↓

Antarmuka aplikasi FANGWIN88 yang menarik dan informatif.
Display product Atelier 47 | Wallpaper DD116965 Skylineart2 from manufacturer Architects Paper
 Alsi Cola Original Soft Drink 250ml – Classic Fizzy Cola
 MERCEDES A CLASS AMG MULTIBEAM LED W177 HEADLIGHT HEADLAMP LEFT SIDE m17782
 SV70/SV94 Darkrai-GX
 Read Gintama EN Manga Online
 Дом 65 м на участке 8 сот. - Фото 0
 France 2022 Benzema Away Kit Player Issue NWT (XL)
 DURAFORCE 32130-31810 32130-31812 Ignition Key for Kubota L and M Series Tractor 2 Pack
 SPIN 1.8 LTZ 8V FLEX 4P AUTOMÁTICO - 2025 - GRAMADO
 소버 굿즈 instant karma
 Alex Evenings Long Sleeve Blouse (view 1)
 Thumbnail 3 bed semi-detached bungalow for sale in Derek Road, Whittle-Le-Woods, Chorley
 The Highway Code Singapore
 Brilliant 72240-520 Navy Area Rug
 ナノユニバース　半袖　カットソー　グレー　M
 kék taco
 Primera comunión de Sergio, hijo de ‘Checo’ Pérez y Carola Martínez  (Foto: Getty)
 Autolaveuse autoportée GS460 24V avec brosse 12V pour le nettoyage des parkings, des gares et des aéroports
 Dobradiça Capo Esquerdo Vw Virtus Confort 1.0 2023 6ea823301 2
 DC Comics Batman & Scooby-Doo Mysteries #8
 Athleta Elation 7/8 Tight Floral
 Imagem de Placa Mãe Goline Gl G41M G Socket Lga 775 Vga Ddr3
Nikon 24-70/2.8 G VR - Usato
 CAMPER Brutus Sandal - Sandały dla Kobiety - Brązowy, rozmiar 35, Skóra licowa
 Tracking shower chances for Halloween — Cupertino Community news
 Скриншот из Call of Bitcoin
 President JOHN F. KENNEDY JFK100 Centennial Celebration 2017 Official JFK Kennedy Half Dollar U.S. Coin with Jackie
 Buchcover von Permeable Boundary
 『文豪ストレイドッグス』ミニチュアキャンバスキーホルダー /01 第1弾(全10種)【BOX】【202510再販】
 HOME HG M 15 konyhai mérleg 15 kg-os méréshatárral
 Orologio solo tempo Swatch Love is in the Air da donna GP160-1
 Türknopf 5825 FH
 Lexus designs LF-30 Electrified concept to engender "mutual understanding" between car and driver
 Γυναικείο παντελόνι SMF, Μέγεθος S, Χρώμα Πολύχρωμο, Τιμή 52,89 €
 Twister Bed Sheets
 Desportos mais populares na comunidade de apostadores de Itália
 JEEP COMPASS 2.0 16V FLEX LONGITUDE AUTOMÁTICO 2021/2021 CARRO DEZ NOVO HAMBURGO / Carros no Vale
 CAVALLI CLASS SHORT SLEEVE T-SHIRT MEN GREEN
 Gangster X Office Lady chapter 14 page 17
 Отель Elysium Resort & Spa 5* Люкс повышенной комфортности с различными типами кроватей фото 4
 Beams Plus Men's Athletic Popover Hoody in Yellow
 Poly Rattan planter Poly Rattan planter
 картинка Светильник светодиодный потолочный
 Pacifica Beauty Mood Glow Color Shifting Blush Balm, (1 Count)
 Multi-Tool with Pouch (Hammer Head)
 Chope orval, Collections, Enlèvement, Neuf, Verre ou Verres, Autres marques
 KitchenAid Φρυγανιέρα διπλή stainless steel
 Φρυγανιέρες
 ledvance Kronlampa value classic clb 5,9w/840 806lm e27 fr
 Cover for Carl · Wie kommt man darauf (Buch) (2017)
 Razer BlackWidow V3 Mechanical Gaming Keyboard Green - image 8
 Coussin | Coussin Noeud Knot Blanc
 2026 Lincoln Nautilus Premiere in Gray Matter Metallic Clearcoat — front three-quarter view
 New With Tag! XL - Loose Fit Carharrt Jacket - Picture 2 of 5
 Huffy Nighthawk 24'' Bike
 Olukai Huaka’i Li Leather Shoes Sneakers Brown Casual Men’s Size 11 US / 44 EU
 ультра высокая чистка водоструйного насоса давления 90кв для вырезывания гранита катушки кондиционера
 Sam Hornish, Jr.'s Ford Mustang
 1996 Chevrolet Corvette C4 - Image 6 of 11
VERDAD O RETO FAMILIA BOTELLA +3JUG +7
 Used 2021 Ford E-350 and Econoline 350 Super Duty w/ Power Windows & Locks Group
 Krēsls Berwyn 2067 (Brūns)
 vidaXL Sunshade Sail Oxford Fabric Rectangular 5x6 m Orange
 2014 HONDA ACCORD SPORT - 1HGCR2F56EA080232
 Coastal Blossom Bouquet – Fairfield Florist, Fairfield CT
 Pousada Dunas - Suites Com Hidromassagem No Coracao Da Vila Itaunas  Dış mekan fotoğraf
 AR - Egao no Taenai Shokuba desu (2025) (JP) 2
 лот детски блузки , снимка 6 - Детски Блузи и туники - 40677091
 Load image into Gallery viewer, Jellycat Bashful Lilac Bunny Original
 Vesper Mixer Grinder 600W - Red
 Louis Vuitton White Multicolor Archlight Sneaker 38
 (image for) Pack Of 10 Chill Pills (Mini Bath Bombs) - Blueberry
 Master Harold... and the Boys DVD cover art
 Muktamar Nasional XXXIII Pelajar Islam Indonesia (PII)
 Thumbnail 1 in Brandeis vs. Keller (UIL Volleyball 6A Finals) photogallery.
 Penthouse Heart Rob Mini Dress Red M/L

↑

• _EXERCISE INSTRUCTIONS_
Copy all lines of the material above where the string "Original" occurs.

• _ANSWER FOR THE TASK_
 Alsi Cola Original Soft Drink 250ml – Classic Fizzy Cola
 Load image into Gallery viewer, Jellycat Bashful Lilac Bunny Original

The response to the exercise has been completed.